[Start of section]

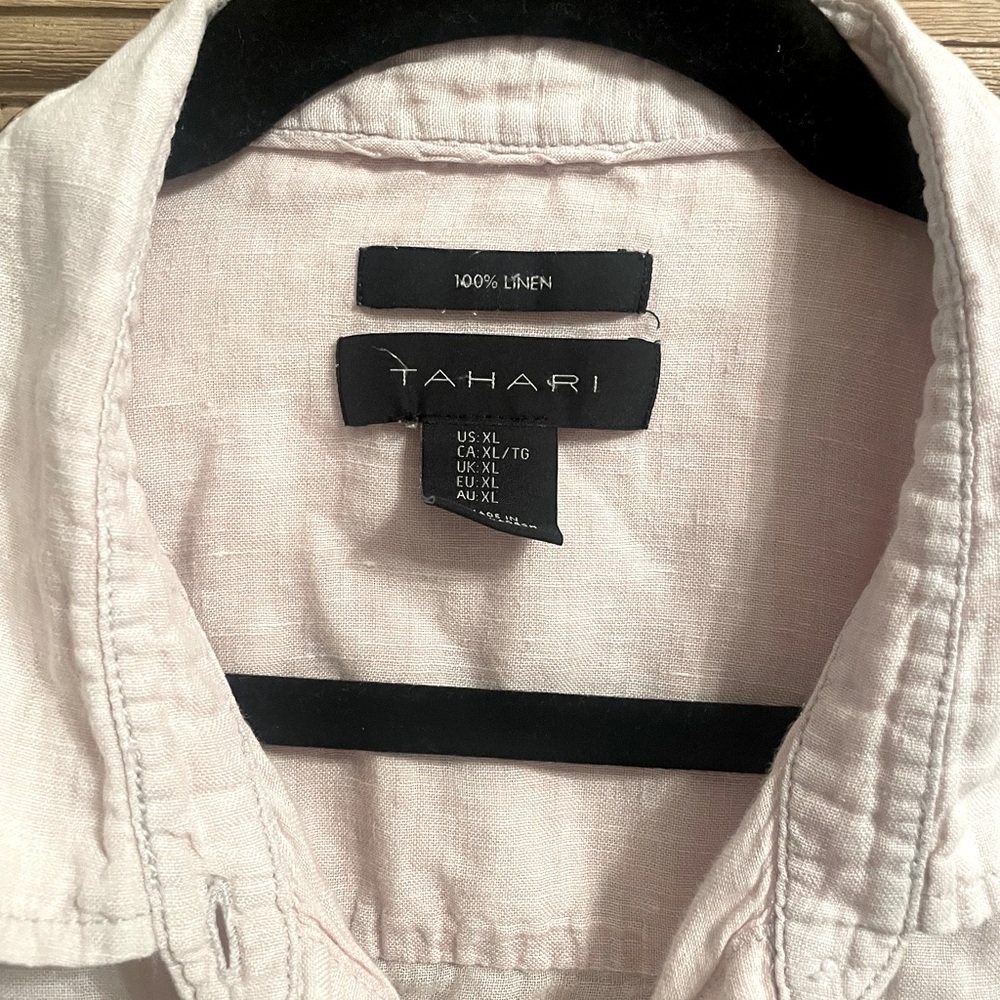Tahari Light Pink Linen Button-Up Tunic - Picture 4 of 11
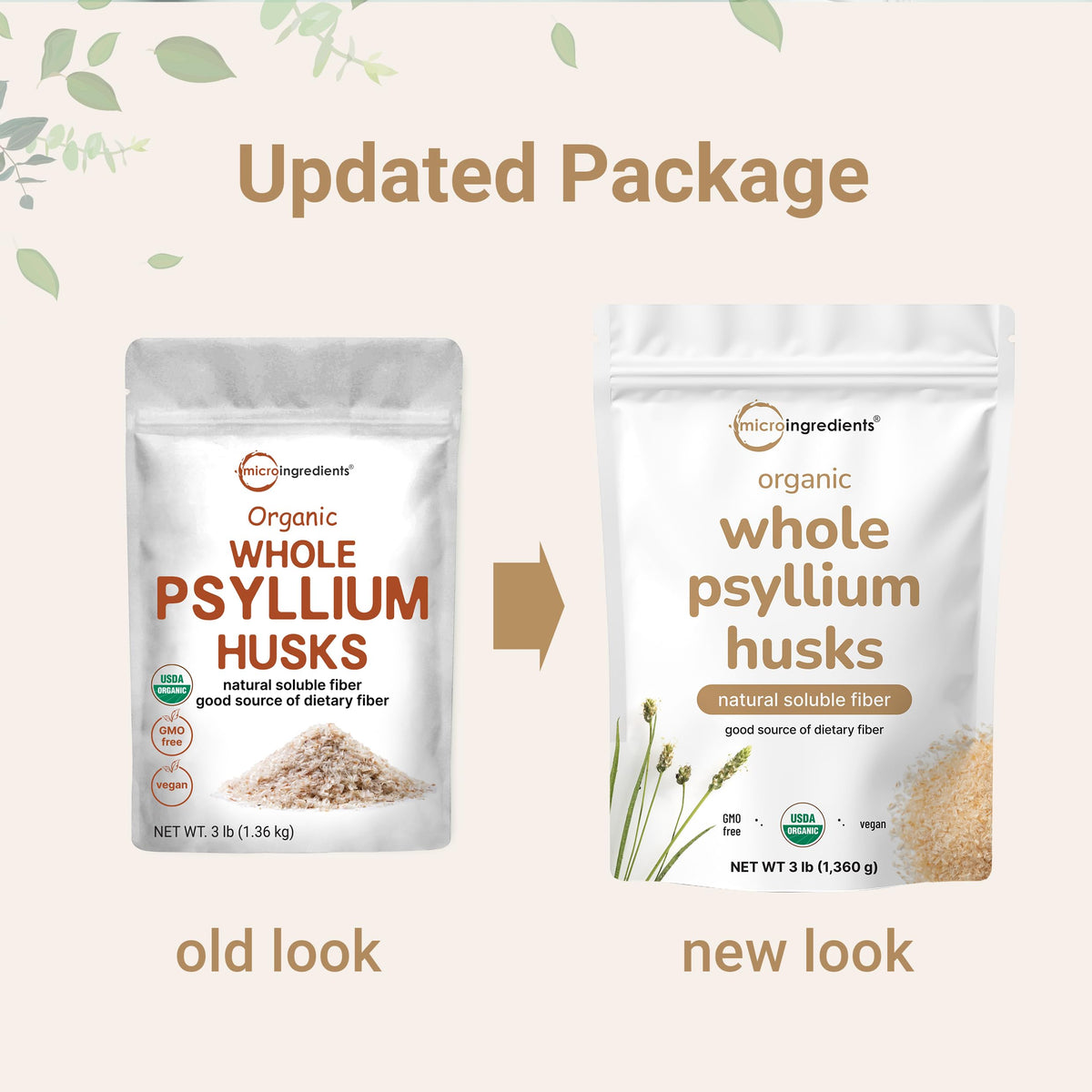 Back of Micro Ingredients psyllium husk bag showing nutrition facts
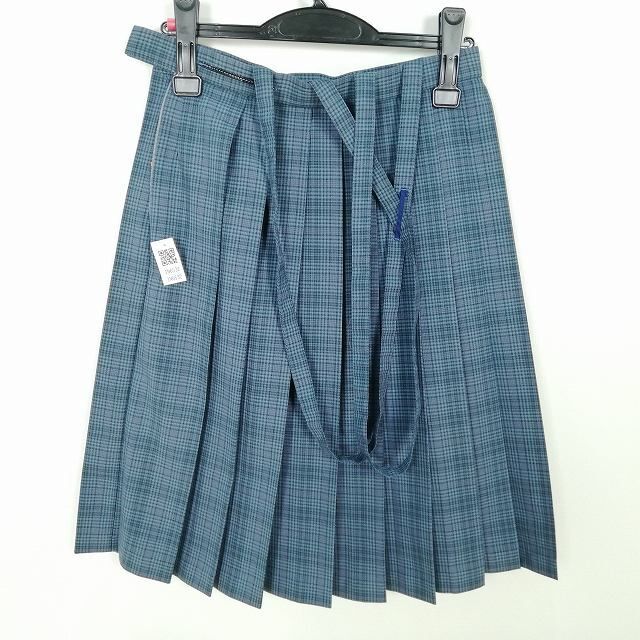 1円 スクールスカート 夏物 w63-丈59 チェック 中学 高校 プリーツ 学生服 制服 女子 中古 IN6532_画像2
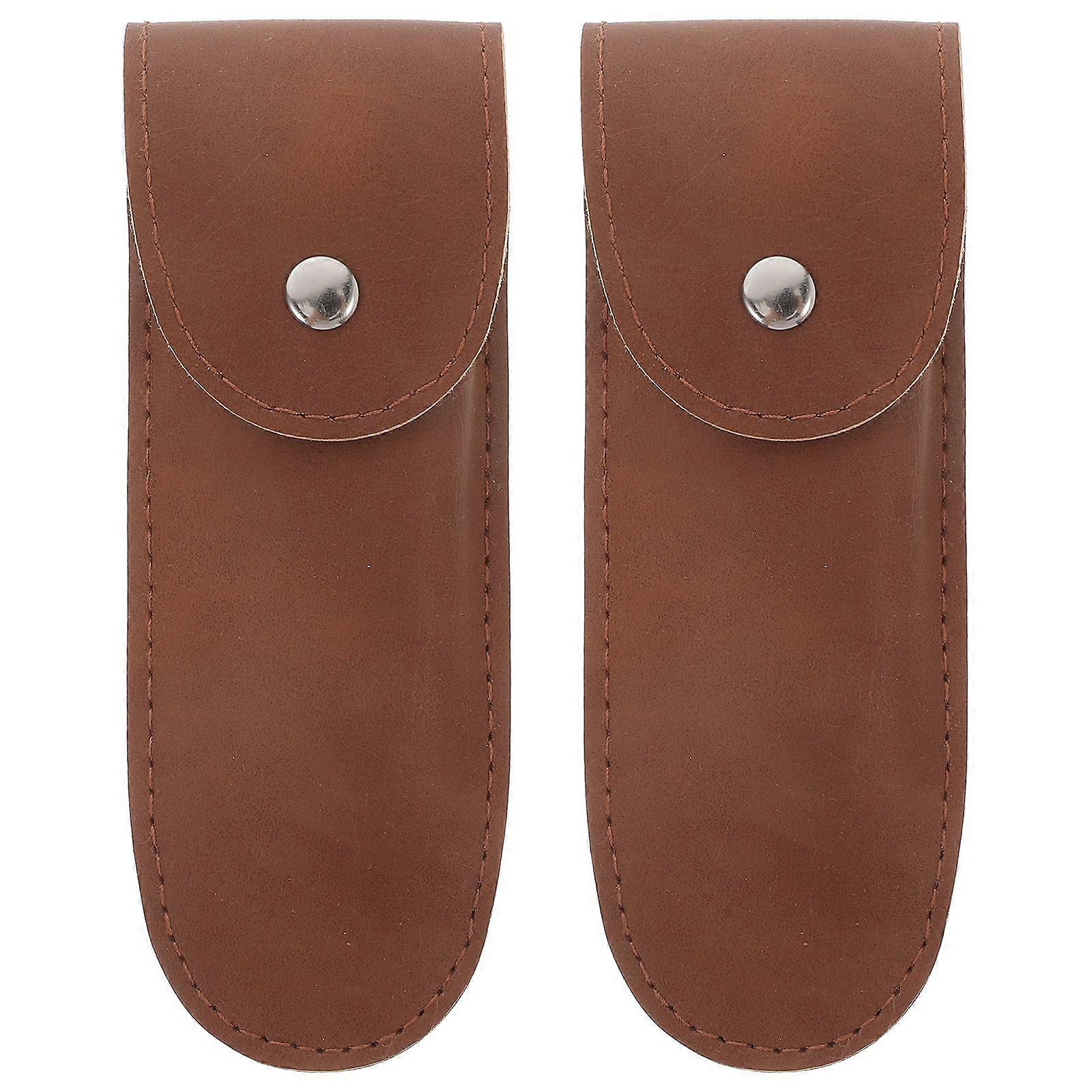 2 pcs Leather Harmonica Case Portable Harmonica Storage Bag Small Harmonica Pouch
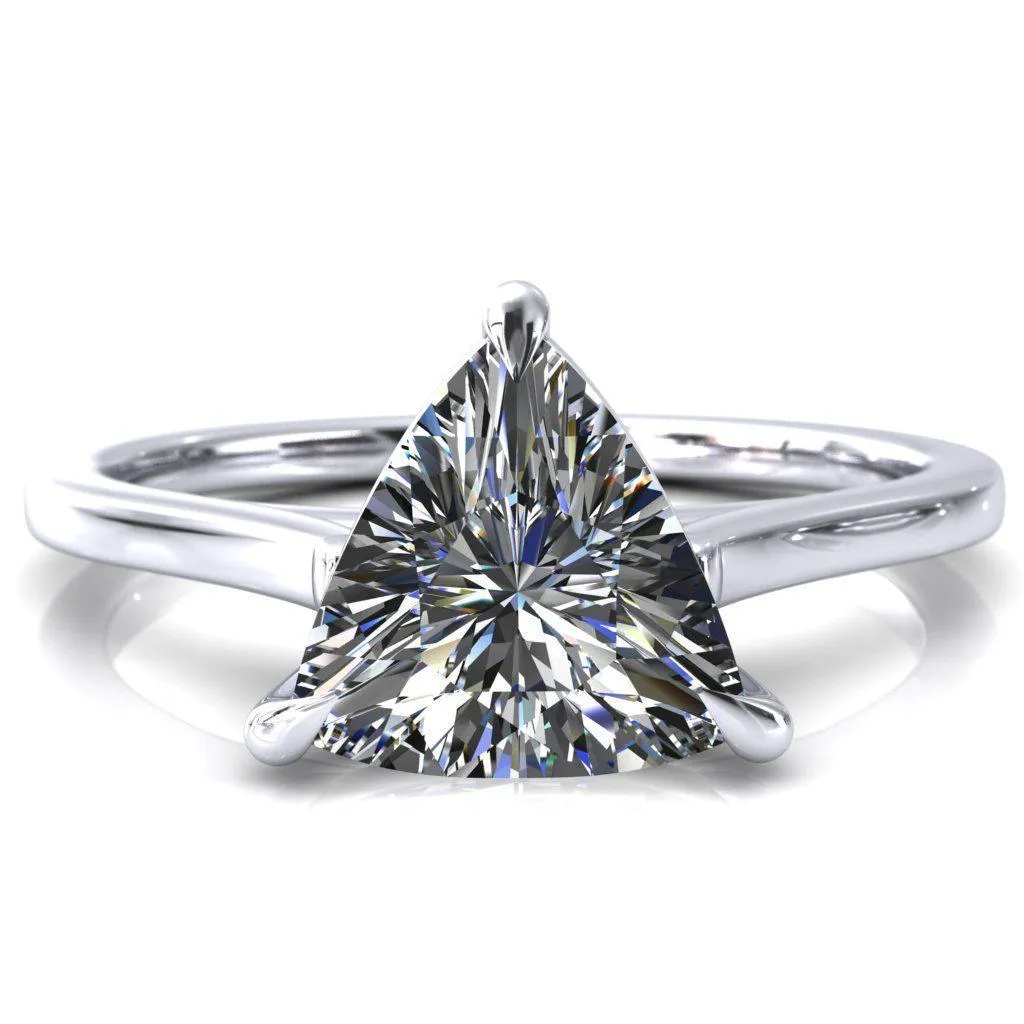 Lizzy Trillion Moissanite 3 Claw Prong Cathedral Engagement Ring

[End of section]

Work task: Leaving the pictures aside, transcribe the entire listing exactly.

Answer space:
Tahari Light Pink Linen Button-Up Tunic - Picture 4 of 11
 Back of Micro Ingredients psyllium husk bag showing nutrition facts
 1円 スクールスカート 夏物 w63-丈59 チェック 中学 高校 プリーツ 学生服 制服 女子 中古 IN6532_画像2
 2 pcs Leather Harmonica Case Portable Harmonica Storage Bag Small Harmonica Pouch
 Lizzy Trillion Moissanite 3 Claw Prong Cathedral Engagement Ring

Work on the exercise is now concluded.